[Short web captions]
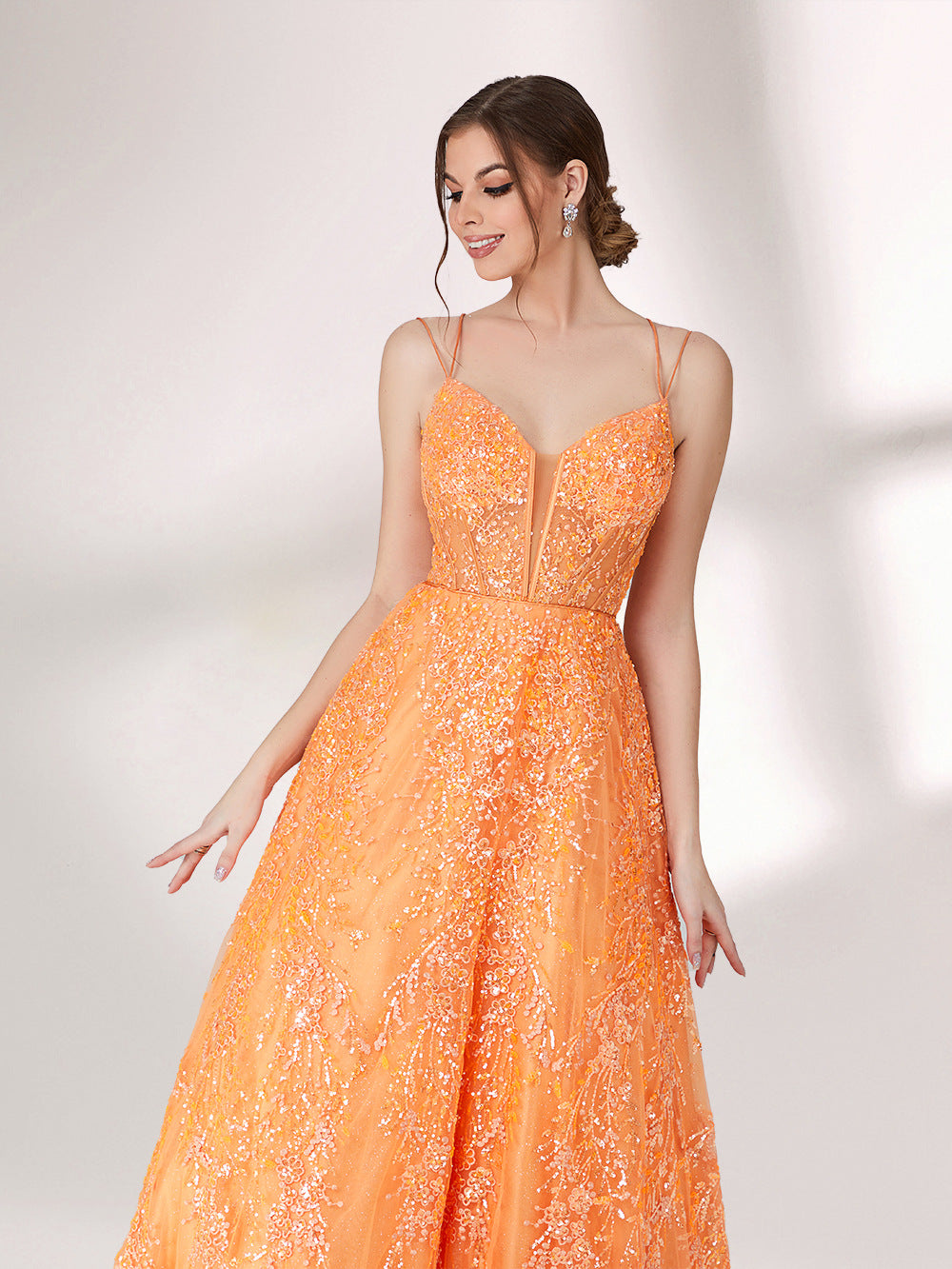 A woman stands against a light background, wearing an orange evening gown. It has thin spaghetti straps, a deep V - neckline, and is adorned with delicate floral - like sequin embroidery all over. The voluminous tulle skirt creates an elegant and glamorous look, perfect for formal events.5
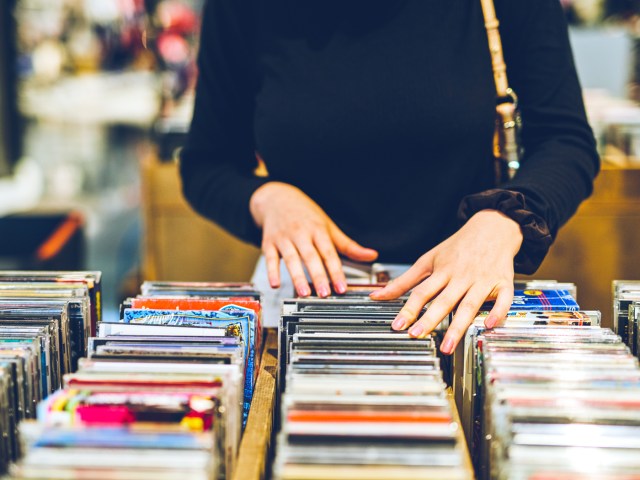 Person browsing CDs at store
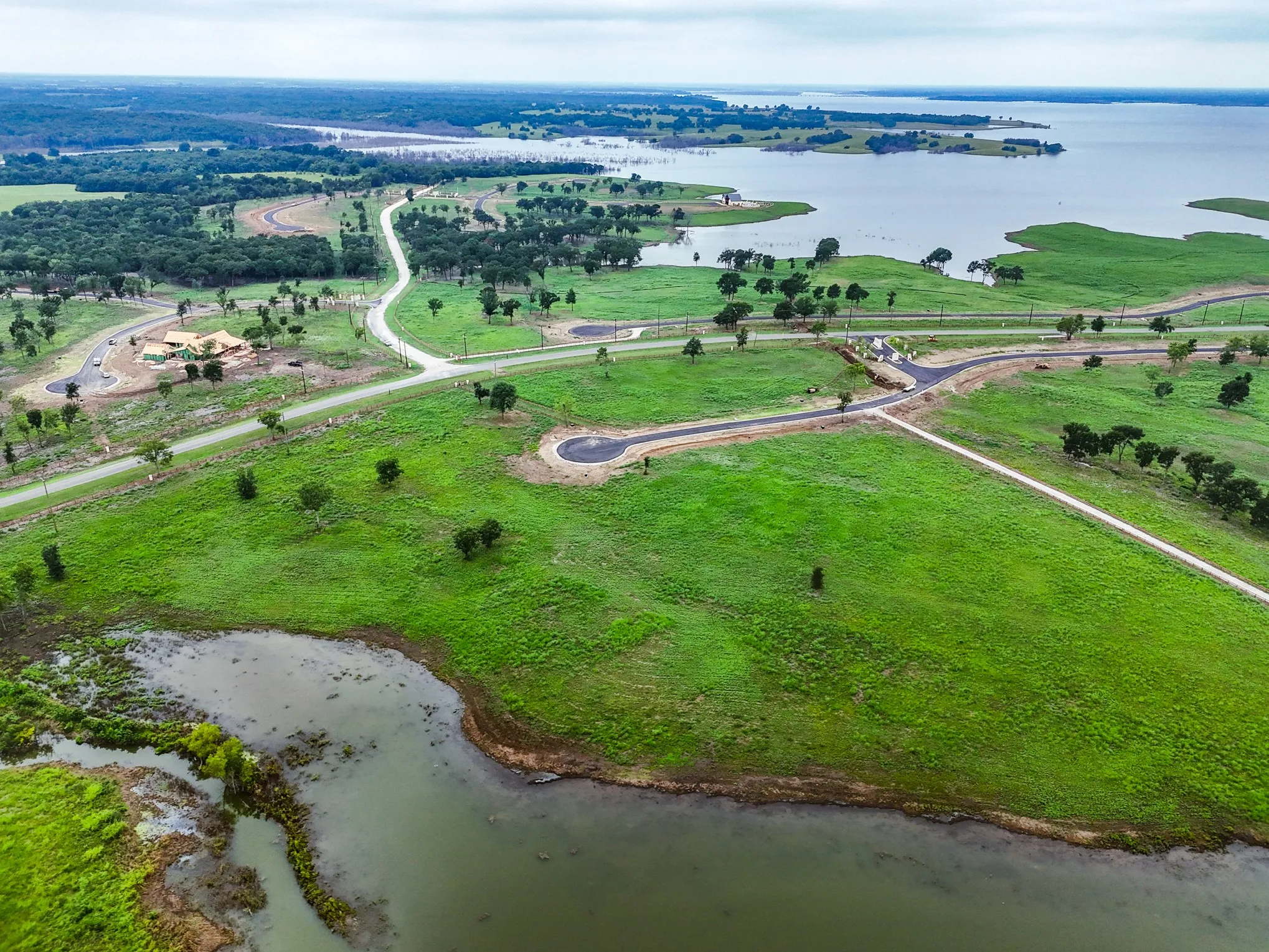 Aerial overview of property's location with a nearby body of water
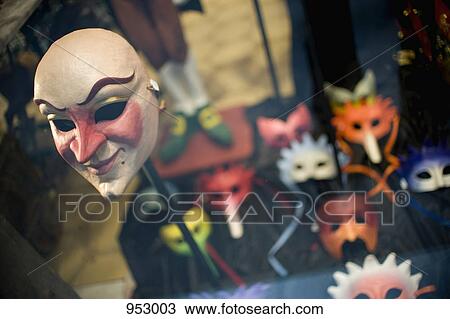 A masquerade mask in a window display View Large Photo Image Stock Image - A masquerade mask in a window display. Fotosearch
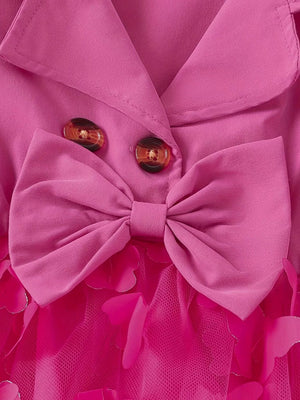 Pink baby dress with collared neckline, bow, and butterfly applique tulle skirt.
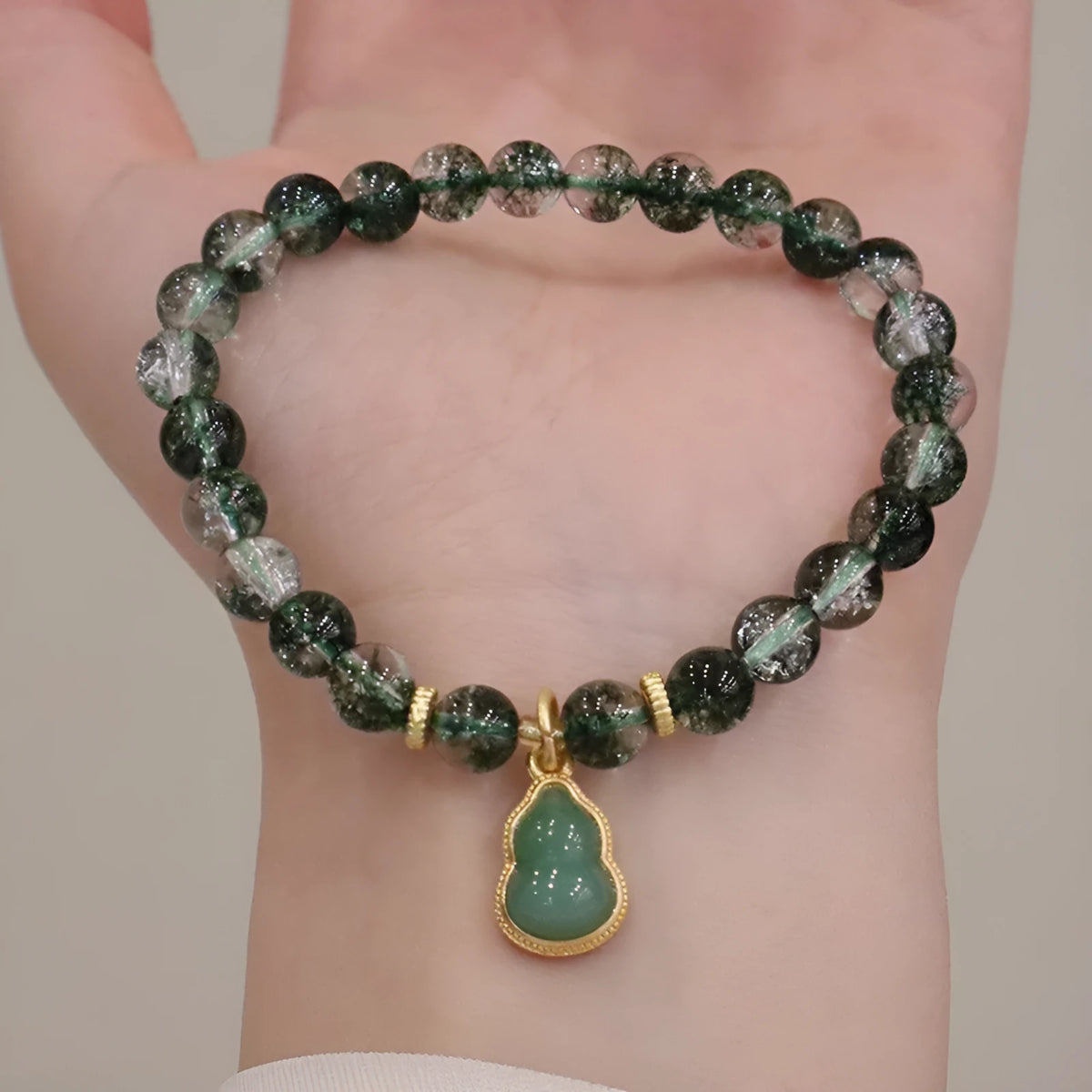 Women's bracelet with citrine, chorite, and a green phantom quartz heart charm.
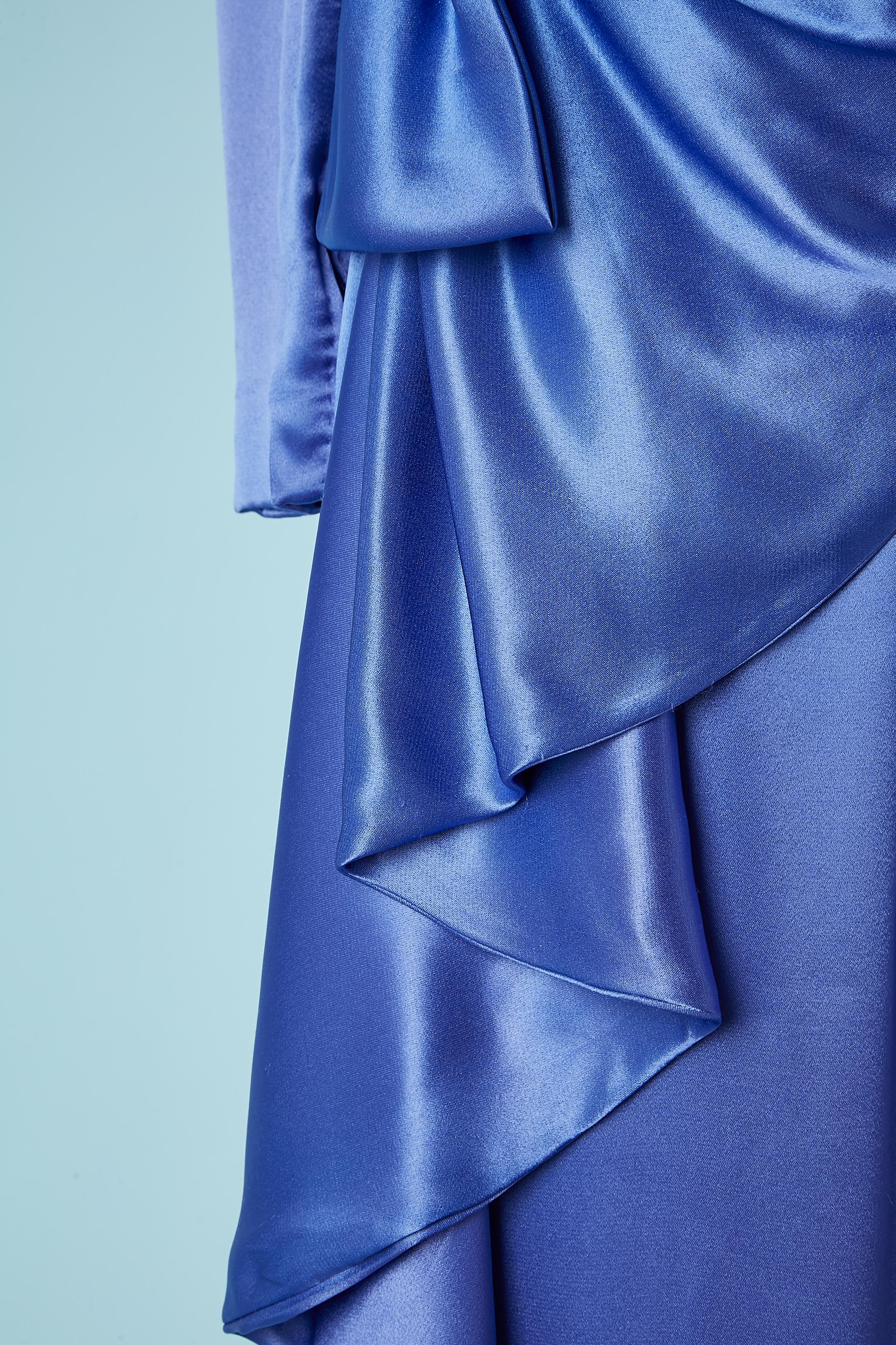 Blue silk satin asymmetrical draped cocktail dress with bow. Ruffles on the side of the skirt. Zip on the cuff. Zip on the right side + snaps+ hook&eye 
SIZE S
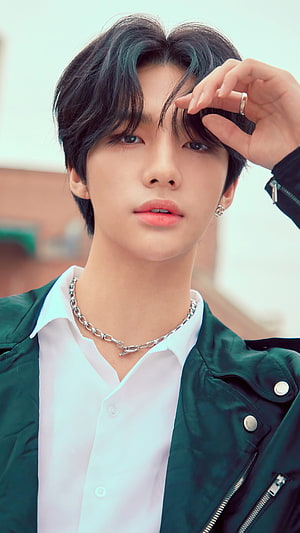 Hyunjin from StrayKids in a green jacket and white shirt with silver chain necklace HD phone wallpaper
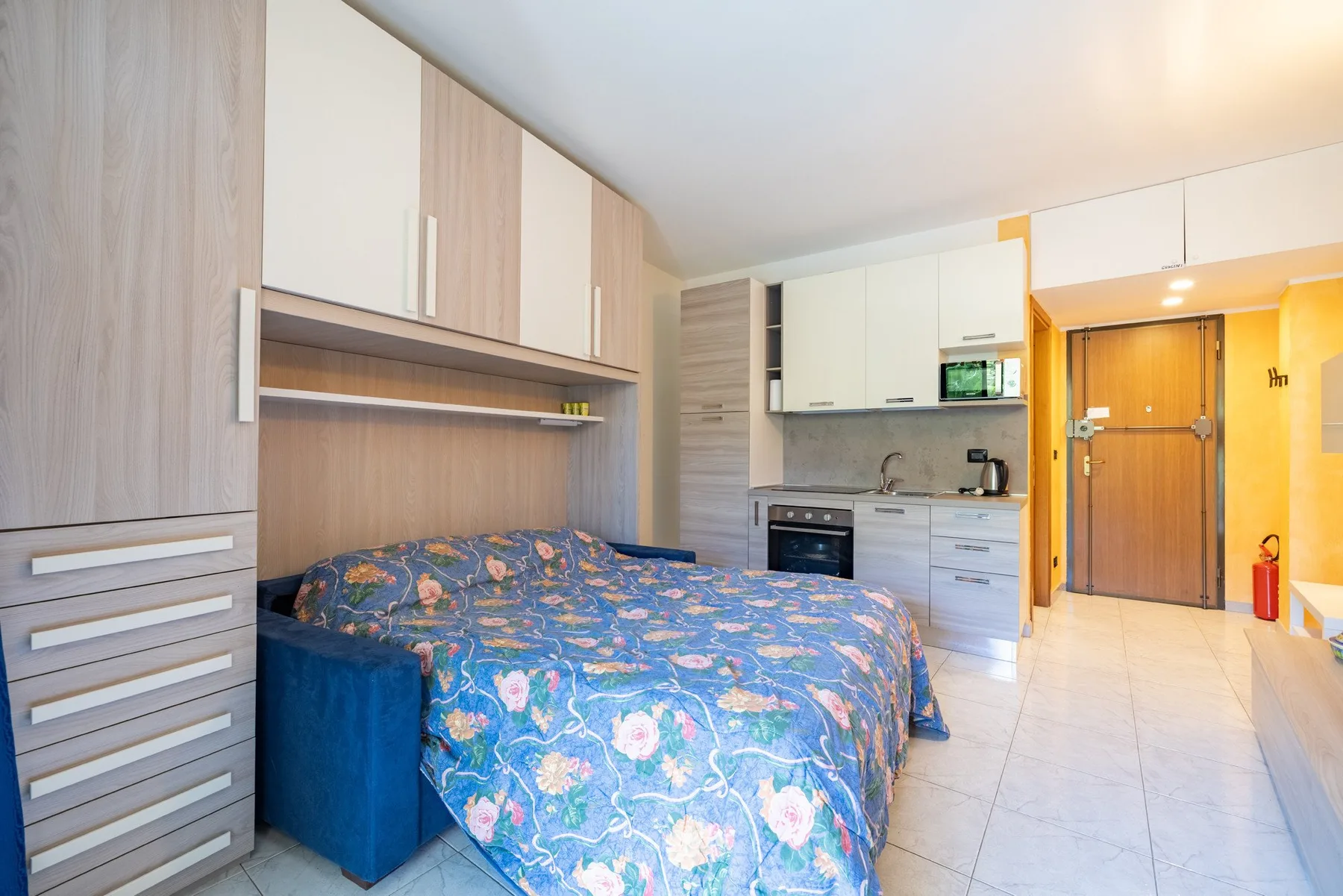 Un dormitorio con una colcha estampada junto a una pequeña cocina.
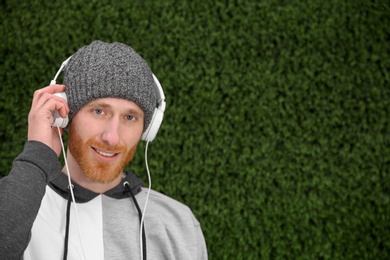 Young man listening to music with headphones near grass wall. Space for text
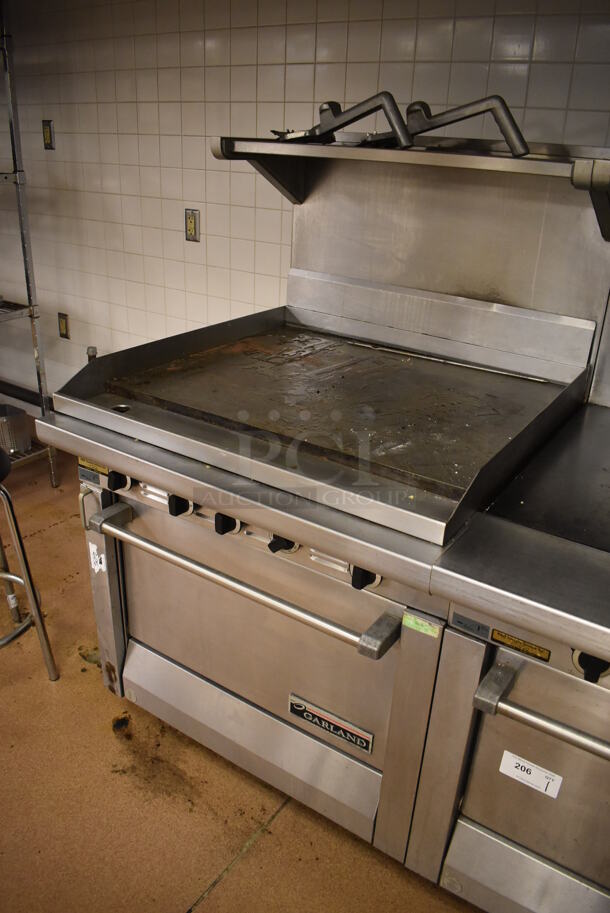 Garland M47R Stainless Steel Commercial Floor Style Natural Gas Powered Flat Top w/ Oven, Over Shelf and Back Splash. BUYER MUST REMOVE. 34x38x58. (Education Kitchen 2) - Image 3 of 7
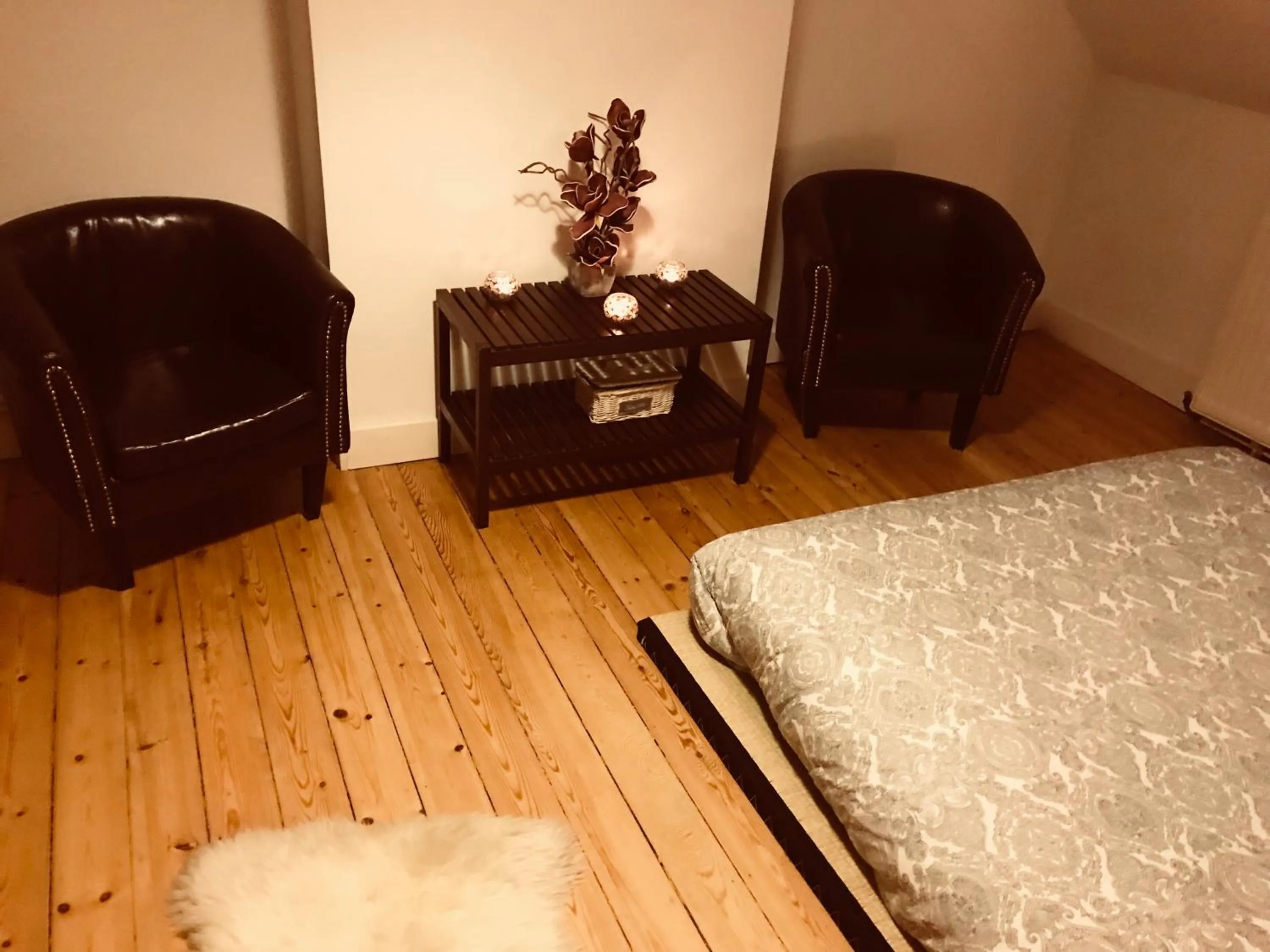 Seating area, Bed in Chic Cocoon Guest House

* WHAT YOU NEED TO DO:
All of the data is to be returned exactly, with no pictures included.

* TASK ANSWER:
 A woman stands against a light background, wearing an orange evening gown. It has thin spaghetti straps, a deep V - neckline, and is adorned with delicate floral - like sequin embroidery all over. The voluminous tulle skirt creates an elegant and glamorous look, perfect for formal events.5
 Person browsing CDs at store
 Aerial overview of property's location with a nearby body of water
 A masquerade mask in a window display View Large Photo Image Stock Image - A masquerade mask in a window display. Fotosearch
 Pink baby dress with collared neckline, bow, and butterfly applique tulle skirt.
 Women's bracelet with citrine, chorite, and a green phantom quartz heart charm.
 Blue silk satin asymmetrical draped cocktail dress with bow. Ruffles on the side of the skirt. Zip on the cuff. Zip on the right side + snaps+ hook&eye 
SIZE S
 Hyunjin from StrayKids in a green jacket and white shirt with silver chain necklace HD phone wallpaper
 Un dormitorio con una colcha estampada junto a una pequeña cocina.
 Young man listening to music with headphones near grass wall. Space for text
 Garland M47R Stainless Steel Commercial Floor Style Natural Gas Powered Flat Top w/ Oven, Over Shelf and Back Splash. BUYER MUST REMOVE. 34x38x58. (Education Kitchen 2) - Image 3 of 7
 Seating area, Bed in Chic Cocoon Guest House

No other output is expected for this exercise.